DAY 24, JUNE 10
(MATT) I first woke to the sound of raid drops about 6 a.m. I got up and brought Sam's and Chris' shoes into the tent so that they wouldn't get wet. Then around 6:45 a.m., it really started raining so we closed the front and back flaps. We all were awake and enjoying the rain. Jon said, "Boy, this is great, its like God wants us to sit back and take it easy today. Unfortunately, Jon had it backwards because then it really started raining and blowing. God wanted us out of that tent NOW. Well, He got what He wanted. The bum leg of the tent came loose and I jumped up to grab it. I held up the tent while Chris re-inserted the leg into the correct position.
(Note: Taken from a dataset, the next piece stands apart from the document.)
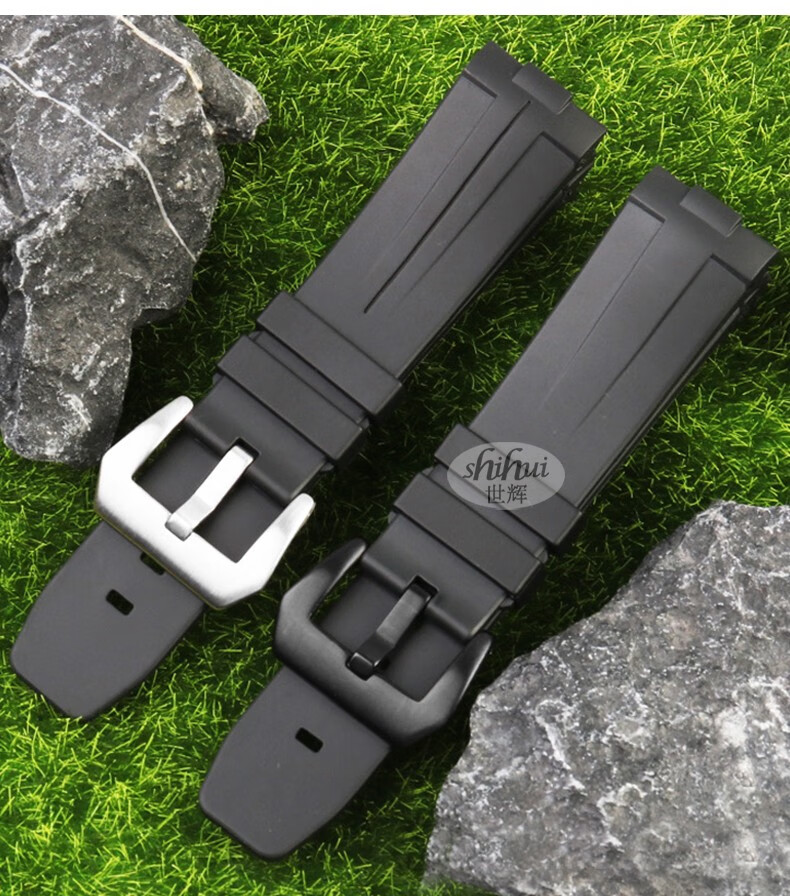 适用于panerai沛纳海橡胶硅胶表带男pam00321防水透气针扣手表带2224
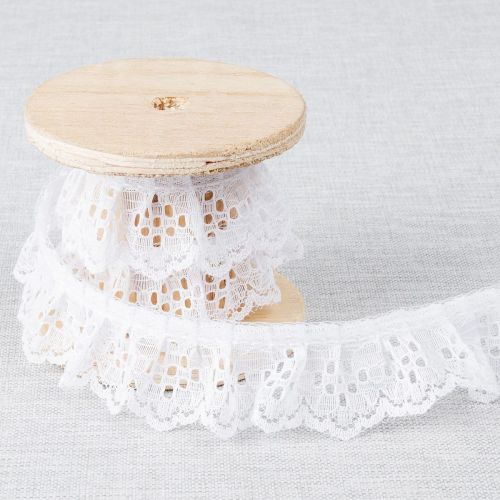 FRILLED LACE 25 MM - WHITE-1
Then the rain fly blew loose. Let me re-iterate: it was really raining and the wind was blowing like crazy. Chris and Jon stripped down to their shorts and went out to re-affix the rain fly and were wet to the skin by the time they made it out the door. Then it started to hail. They came back in and the whole tent started caving in. We all grabbed part to hold it up. We were all standing there holding up the tent wondering if we had reached an impasse with the storm and would be able to wait it out in discomfort but still inside the tent. The answer was NO. The storm beat us completely. As we stood there holding it up, the rain fly came off and the rain was coming right in the tent. Sam and I stood holding up the tent while Jon and Chris rolled the sleeping bags and packed my bag, which was soaked as well as its contents.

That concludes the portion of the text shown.